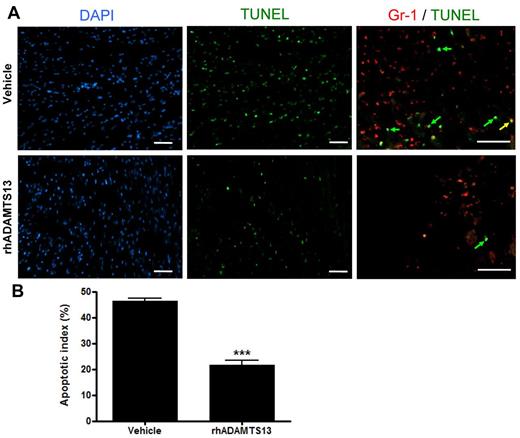 Figure 3. rhADAMTS13 reduces myocardial apoptosis after transient LAD occlusion. (A) Representative immunofluorescent DAPI (blue), TUNEL (green), and Gr-1 (red) stainings of sections from the ischemic area in the hearts of mice that received rADAMTS13 or vehicle. Apoptosis was absent in nonischemic areas (not shown). The higher magnification of the double stain (Gr-1/TUNEL) shows that majority of TUNEL-positive cells are not Gr-1–positive, that is, they are green rather than yellow (arrows). (B) The apoptotic index of both groups was determined by calculating the percentage of apoptotic cells (measured in 3 different view fields per section, 4 sections per mouse with 3 mice per group, ***P < .001). Scale bar = 50 μm.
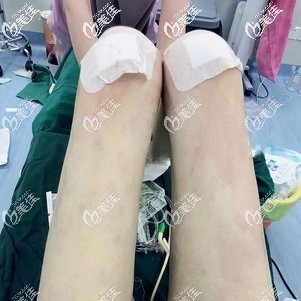 威塑吸脂瘦腿術(shù)后即刻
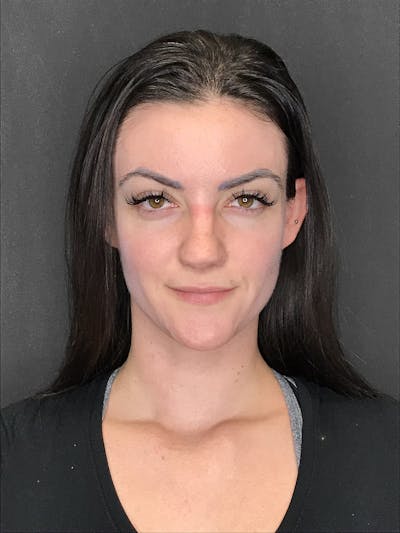 Facial Fat Transfer Before & After Gallery - Patient 151452115 - Image 1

PROMPT: Would you write out all of the data exactly as it stands, without the pictures?

WRITTEN ANSWER:
 Figure 3. rhADAMTS13 reduces myocardial apoptosis after transient LAD occlusion. (A) Representative immunofluorescent DAPI (blue), TUNEL (green), and Gr-1 (red) stainings of sections from the ischemic area in the hearts of mice that received rADAMTS13 or vehicle. Apoptosis was absent in nonischemic areas (not shown). The higher magnification of the double stain (Gr-1/TUNEL) shows that majority of TUNEL-positive cells are not Gr-1–positive, that is, they are green rather than yellow (arrows). (B) The apoptotic index of both groups was determined by calculating the percentage of apoptotic cells (measured in 3 different view fields per section, 4 sections per mouse with 3 mice per group, ***P < .001). Scale bar = 50 μm.
 威塑吸脂瘦腿術(shù)后即刻
 Facial Fat Transfer Before & After Gallery - Patient 151452115 - Image 1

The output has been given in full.